[Collection entries]
━━━━━━
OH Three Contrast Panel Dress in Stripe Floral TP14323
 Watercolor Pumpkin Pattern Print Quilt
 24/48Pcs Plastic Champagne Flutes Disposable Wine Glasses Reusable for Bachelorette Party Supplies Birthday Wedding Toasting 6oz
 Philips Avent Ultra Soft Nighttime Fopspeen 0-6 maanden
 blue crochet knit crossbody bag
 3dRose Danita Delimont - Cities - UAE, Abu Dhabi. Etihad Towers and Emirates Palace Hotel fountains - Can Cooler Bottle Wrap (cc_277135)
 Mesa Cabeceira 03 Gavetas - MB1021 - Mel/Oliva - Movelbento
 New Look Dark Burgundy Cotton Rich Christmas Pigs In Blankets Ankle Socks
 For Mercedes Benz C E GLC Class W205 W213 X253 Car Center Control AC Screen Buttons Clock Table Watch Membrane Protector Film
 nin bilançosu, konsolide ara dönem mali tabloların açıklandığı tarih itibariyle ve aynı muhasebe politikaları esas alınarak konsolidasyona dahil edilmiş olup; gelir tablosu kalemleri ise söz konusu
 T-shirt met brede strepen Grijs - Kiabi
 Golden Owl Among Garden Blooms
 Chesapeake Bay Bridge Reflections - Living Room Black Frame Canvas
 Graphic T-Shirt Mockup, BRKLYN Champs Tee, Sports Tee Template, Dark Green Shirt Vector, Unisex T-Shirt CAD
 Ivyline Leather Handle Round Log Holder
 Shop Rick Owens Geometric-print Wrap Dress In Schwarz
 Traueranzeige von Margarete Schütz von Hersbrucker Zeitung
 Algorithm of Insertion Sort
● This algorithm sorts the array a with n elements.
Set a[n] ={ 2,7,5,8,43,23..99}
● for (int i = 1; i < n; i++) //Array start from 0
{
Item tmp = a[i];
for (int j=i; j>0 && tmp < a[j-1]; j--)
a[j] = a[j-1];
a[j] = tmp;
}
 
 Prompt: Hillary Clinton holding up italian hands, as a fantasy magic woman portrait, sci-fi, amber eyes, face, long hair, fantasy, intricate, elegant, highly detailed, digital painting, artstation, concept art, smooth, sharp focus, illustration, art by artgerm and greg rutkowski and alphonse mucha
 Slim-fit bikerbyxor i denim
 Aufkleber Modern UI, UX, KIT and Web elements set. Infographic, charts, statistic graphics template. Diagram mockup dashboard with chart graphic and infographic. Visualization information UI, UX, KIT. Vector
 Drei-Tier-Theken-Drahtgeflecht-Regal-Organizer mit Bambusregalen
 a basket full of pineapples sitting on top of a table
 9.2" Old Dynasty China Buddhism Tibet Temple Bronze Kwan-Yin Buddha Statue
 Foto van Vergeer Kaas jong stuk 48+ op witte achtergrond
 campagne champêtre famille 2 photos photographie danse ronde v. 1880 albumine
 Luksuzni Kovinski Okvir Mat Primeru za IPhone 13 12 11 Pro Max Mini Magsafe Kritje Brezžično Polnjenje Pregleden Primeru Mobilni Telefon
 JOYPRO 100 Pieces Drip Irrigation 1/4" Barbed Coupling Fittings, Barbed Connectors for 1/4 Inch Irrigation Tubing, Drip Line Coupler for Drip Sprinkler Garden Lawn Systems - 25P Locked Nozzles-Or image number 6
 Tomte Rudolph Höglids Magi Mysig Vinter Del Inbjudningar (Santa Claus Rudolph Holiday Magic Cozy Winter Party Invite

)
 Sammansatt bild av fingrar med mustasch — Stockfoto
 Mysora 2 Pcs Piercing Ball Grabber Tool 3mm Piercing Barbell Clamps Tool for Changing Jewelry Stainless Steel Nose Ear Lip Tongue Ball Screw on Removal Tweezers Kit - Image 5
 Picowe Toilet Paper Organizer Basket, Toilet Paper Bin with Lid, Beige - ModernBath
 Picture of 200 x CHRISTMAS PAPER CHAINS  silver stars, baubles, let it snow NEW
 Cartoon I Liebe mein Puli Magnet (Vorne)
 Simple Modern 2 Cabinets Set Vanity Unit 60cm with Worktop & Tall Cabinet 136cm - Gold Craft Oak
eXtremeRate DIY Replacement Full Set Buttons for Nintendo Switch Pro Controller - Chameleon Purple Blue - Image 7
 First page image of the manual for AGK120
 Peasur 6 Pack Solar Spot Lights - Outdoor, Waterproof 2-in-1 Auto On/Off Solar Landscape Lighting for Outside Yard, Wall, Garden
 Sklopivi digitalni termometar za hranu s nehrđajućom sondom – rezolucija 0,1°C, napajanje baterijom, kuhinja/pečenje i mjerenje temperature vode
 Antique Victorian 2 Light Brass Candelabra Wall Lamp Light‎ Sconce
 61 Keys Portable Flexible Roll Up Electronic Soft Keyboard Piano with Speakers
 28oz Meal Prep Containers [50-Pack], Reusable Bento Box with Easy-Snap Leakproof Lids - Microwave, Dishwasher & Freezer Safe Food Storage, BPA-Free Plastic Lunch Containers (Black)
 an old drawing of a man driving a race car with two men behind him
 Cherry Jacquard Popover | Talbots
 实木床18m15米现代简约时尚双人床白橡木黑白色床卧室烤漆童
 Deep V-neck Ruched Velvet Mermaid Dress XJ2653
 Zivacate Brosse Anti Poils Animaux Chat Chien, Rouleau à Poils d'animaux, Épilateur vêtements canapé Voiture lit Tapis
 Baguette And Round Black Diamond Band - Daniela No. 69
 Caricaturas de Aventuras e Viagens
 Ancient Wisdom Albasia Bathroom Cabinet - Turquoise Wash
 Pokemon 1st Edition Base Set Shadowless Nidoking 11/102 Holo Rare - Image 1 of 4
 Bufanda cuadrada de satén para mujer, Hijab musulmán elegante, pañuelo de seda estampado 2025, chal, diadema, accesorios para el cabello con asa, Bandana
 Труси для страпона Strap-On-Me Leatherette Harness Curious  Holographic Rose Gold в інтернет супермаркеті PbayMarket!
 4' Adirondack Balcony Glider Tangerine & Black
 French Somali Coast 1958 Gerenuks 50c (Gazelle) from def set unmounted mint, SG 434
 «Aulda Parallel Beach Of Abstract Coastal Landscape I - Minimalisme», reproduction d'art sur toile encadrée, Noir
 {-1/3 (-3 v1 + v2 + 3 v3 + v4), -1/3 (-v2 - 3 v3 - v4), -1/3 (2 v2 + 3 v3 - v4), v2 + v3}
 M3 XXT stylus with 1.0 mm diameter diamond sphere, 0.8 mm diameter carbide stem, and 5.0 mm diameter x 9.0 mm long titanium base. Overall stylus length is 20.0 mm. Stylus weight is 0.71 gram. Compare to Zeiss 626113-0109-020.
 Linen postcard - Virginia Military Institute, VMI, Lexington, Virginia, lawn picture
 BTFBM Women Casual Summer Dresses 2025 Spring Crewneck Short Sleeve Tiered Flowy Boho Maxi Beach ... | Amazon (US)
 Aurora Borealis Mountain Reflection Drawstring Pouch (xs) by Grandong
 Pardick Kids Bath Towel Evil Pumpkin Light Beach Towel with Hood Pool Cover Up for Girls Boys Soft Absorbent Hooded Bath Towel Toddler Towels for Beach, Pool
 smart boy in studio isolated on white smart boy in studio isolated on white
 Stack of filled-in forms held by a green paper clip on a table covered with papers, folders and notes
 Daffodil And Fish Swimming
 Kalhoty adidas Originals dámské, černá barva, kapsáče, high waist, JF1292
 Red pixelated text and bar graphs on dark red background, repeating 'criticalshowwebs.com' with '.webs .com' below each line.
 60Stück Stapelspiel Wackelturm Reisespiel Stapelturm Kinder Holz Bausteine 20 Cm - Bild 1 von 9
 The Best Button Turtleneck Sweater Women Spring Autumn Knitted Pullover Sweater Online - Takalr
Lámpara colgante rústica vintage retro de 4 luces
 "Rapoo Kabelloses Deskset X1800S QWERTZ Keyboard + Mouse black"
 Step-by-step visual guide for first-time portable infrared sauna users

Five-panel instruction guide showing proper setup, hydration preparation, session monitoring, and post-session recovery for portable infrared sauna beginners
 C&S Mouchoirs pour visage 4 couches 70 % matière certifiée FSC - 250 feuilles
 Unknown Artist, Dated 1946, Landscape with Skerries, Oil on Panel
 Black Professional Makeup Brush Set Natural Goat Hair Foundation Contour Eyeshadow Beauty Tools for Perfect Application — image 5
━━━━━━
## What you need to do
For this exercise, find all lines in the records containing the word "long" and copy them.

## Task solution
 Prompt: Hillary Clinton holding up italian hands, as a fantasy magic woman portrait, sci-fi, amber eyes, face, long hair, fantasy, intricate, elegant, highly detailed, digital painting, artstation, concept art, smooth, sharp focus, illustration, art by artgerm and greg rutkowski and alphonse mucha
 M3 XXT stylus with 1.0 mm diameter diamond sphere, 0.8 mm diameter carbide stem, and 5.0 mm diameter x 9.0 mm long titanium base. Overall stylus length is 20.0 mm. Stylus weight is 0.71 gram. Compare to Zeiss 626113-0109-020.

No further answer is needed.